Example of running federated learning from the administration client
With all connections between the FL server, FL clients, and administration clients open and all of the parties started successfully as described in the preceding section, Federated learning administration client ($EMAIL.zip), the following is an example of a series of admin commands and their outputs to operate a federated learning project. For a complete list of admin commands, see Federated learning administrator commands.
Check status of FL server and FL client
> check_status server
FL run number has not been set.
FL server status: training not started
Registered clients: 2
client name:flclient1 instance name:flclient1 token: 53b6f87a-79f0-4127-9735-72051de2dad9
client name:flclient2 instance name:flclient2 token: b37644d4-7910-4a11-adf9-14cd790c1151
Done [9325 usecs] 2020-07-07 16:31:15.175153
> check_status client
instance:flclient1 : client name: flclient1 token: 53b6f87a-79f0-4127-9735-72051de2dad9 status: training not started
instance:flclient2 : client name: flclient2 token: b37644d4-7910-4a11-adf9-14cd790c1151 status: training not started
Done [308172 usecs] 2020-07-07 16:31:27.300195
The two commands above are not necessary, but check the status of the server and clients to confirm that they are registered and that the FL server and FL client statuses are all “training not started”.

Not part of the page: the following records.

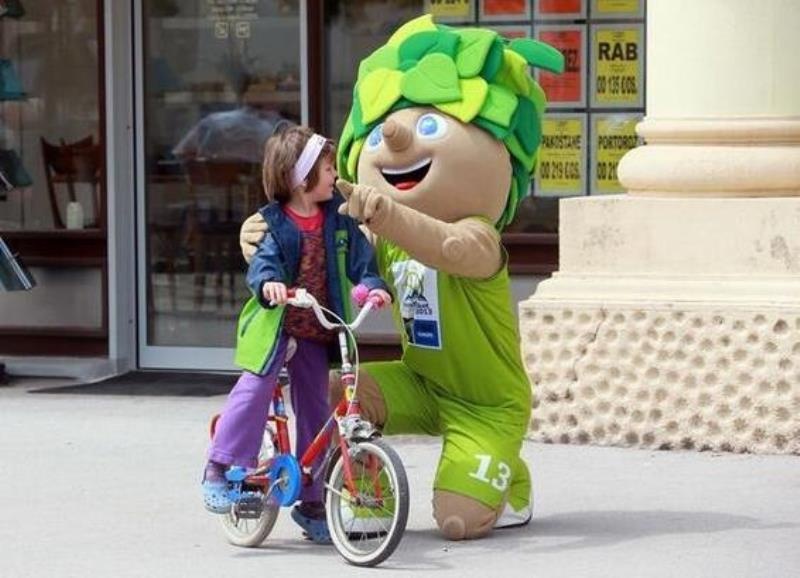 Ευρωμπάσκετ 2013: Νικήτρια η Λουμπλιάνα (photos)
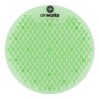 AIRWORKS SPLASH FREE SCREEN, FRESH GARDEN, GREEN,10/BX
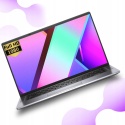Laptop Dell Latitude 9520 i7 Aluminiowy 15 cali Full HD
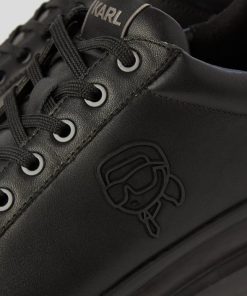 Amberarchives.shop99277b75a9 3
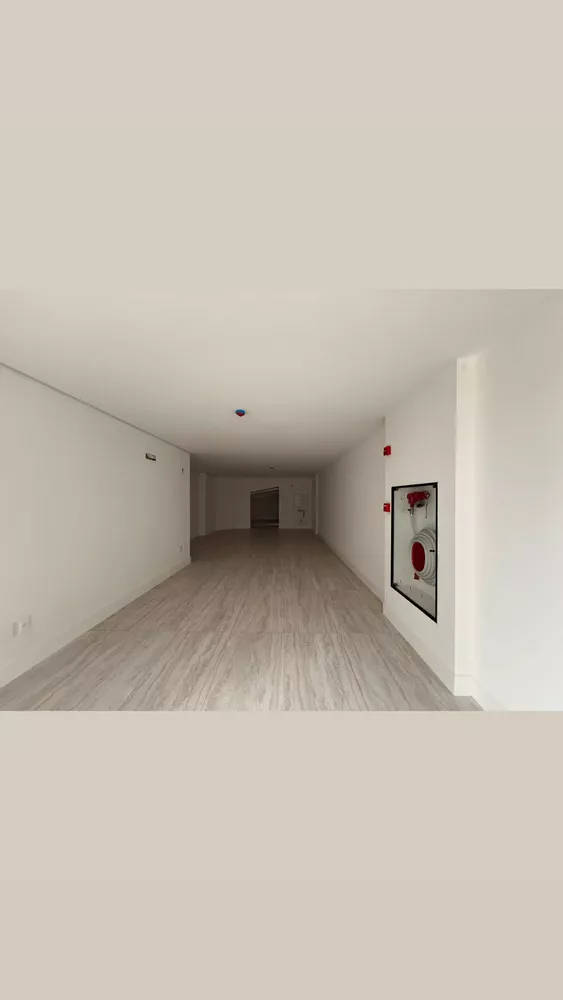 Apartamento, 2 quartos, 107 m² - Foto 1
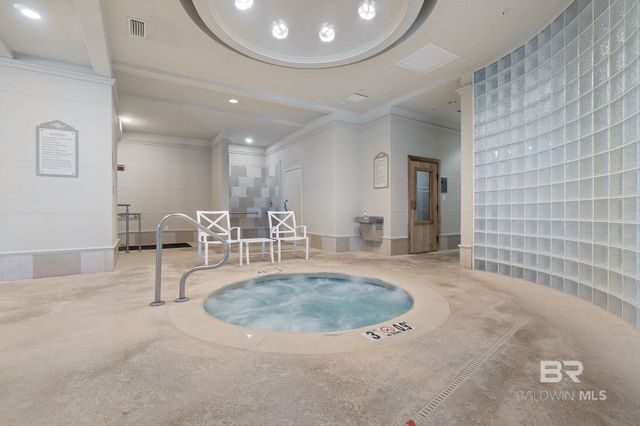 24060 Perdido Beach Boulevard 802, Orange Beach, AL 36561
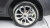 Kia Sorento Diesel 2.2 4WD, 2022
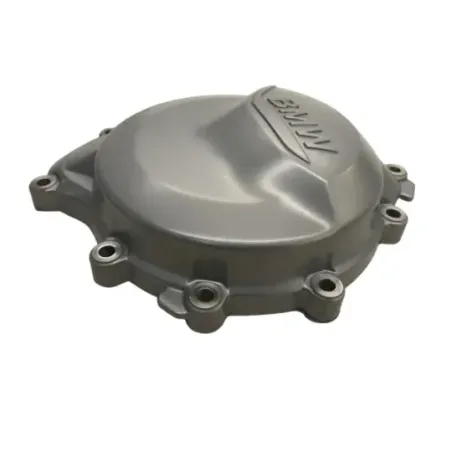 Carter embrayage BMW F 850 GS 2018-2023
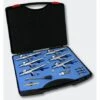 Set Aerografía MQT -Maquituls Tienda set aerografia mqt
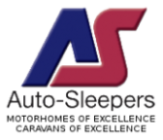 Auto-Sleepers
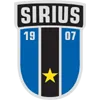 Sirius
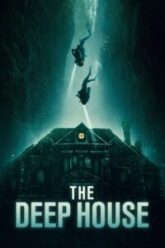 The Deep House eNGLISH
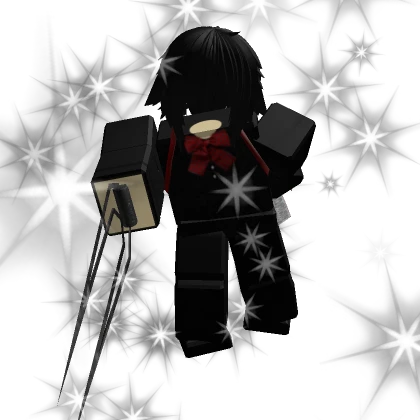 ReaIcommunity's avatar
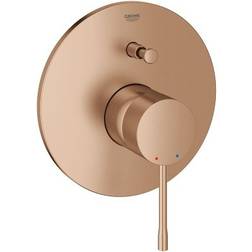 Grohe Essence 19285DL1 Warm Sunset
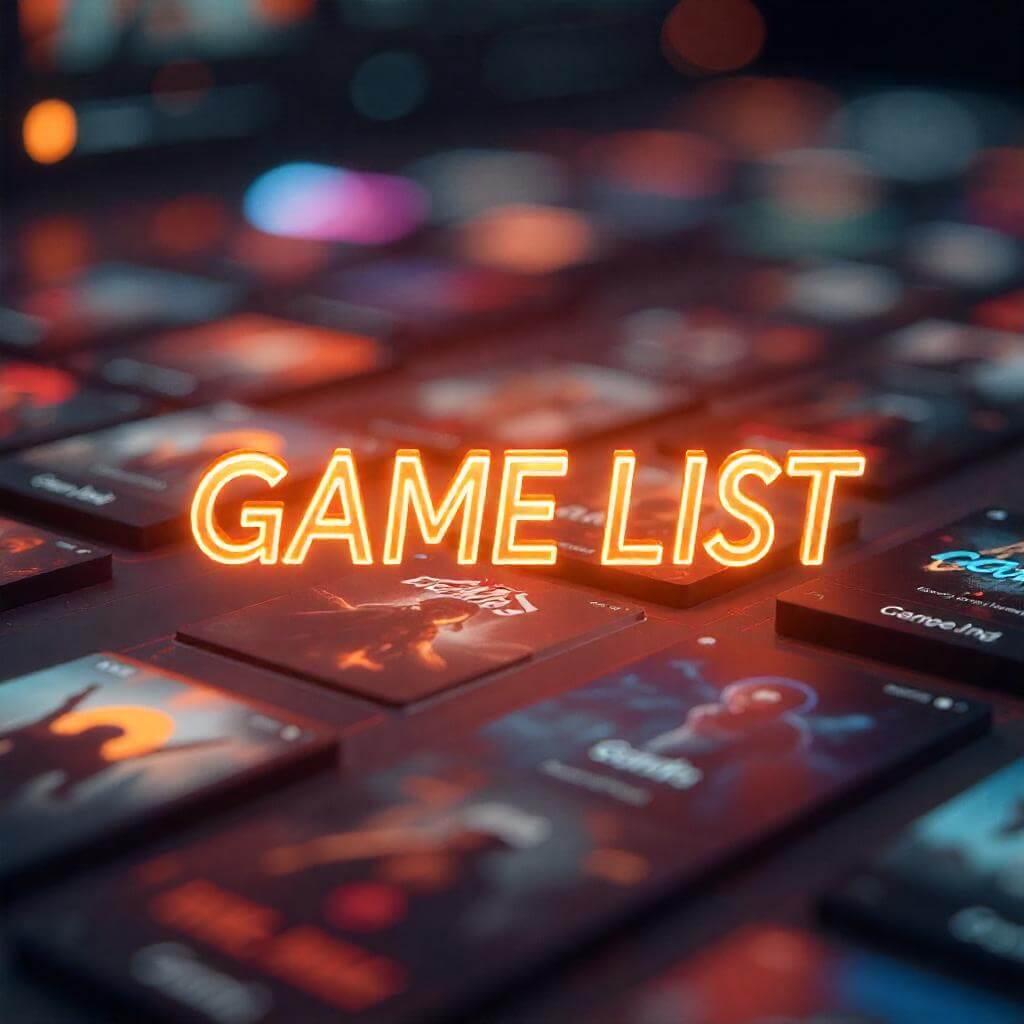Win Casino Games 2025 – Basic Guide & Tips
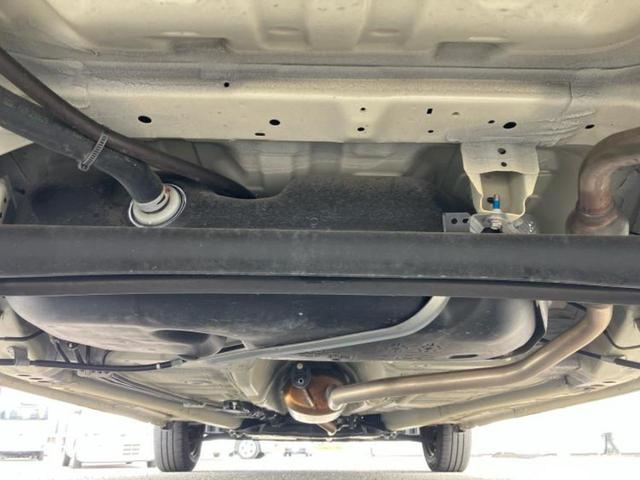 スペーシア ハイブリッドＧ　新品タイヤ／保証書／衝突安全装置／車線逸脱防止支援システム／ＥＢＤ付ＡＢＳ／横滑り防止装置／アイドリングストップ／禁煙車／エアバッグ　運転席／エアバッグ　助手席／エアバッグ　サイド／衝突安全ボディ（41枚目）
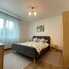 Apartament de închiriat 2 camere Centrul Istoric - 64457AI - Poza 1 din 9 | BLITZ Brașov | Poza3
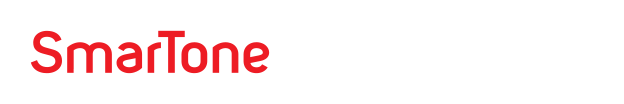 SmarTone Telecommunications Limited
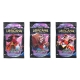 TCG Card Game Disney Lorcana TCG Rise of the Floodborn Sobres Expositor (24 packs) by Ravensburger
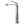 RUSHY - Tall Basin Mixer [42-0149.BM]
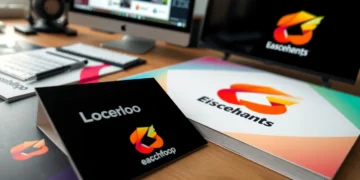 what format for logo design flpsymbolcity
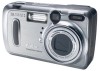 Reviews and ratings for Kodak DX6340 - Easyshare 3.1MP Digital Camera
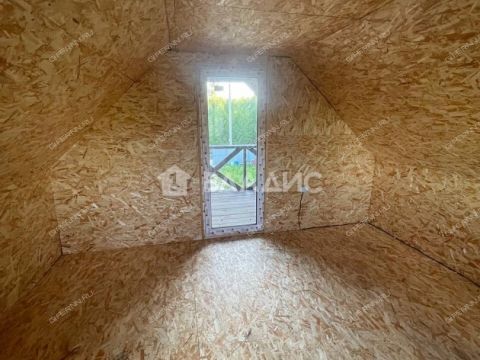 dacha-snt-n-7-nizhegorodec-balahninskiy-municipalnyy-okrug фото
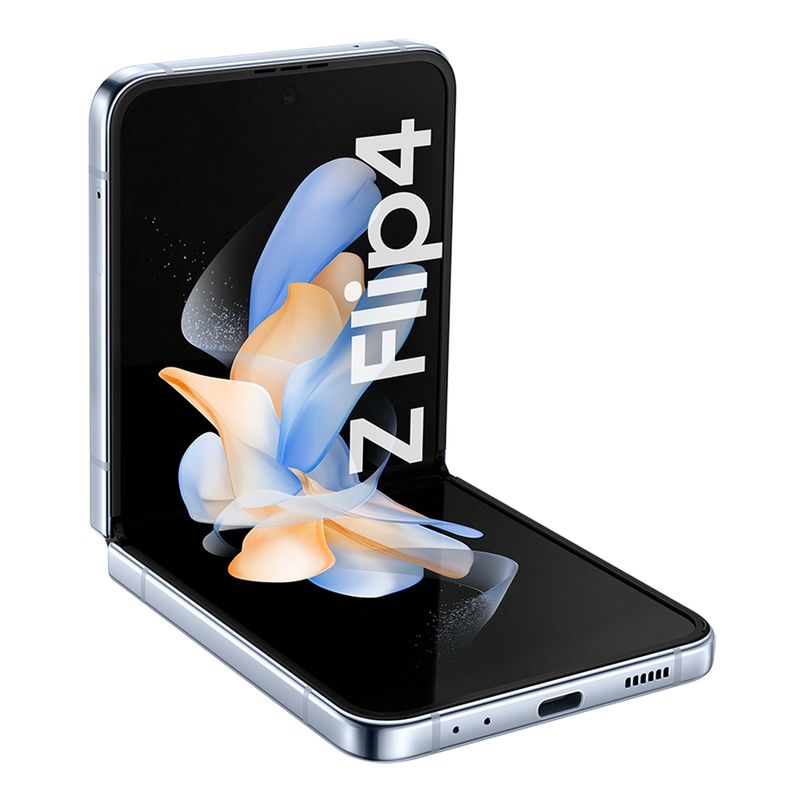 Samsung-Galaxy-Z-Flip-4-Azul-256-8gb-6-7-4-38225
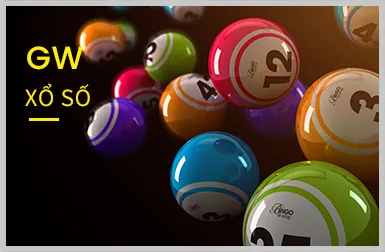 Xổ số 12bet Mobi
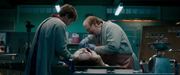 кадр из фильма Демон внутри (The Autopsy of Jane Doe) - 8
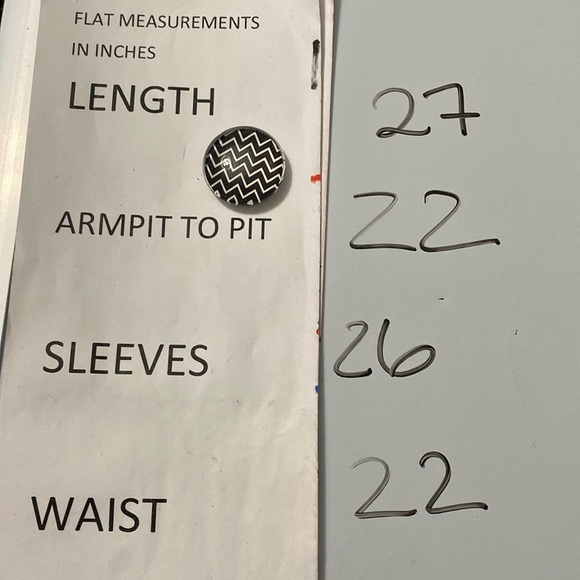 SOLD sold sold - Picture 16 of 16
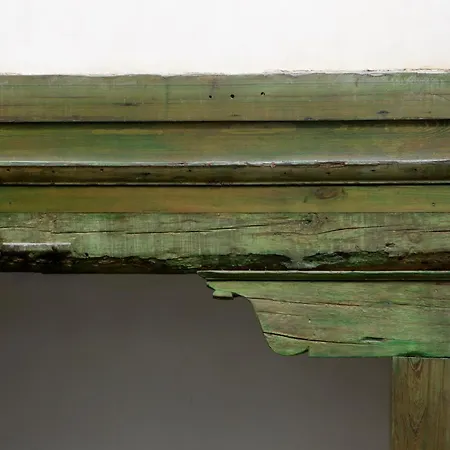 Antidoto San Agustin - Recomendado Adultos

Please note that in the status of the server above, FL run number has not been set. Let us set a new run number next:
Set run number for FL training
> set_run_number 123
Create a new run folder: run_123
Done [8810 usecs] 2020-07-07 17:05:05.145405
The FL run number is critical to starting and managing FL training projects because all training happens within a run.
You must not start a new run before the previous run is finished completely.
After setting a run number, a folder for that run is created on the server under the root of the server’s workspace at the same level as the startup directory (see the section on Standard folder and file structures below for more details). Initially, this folder will be empty when created for a new run.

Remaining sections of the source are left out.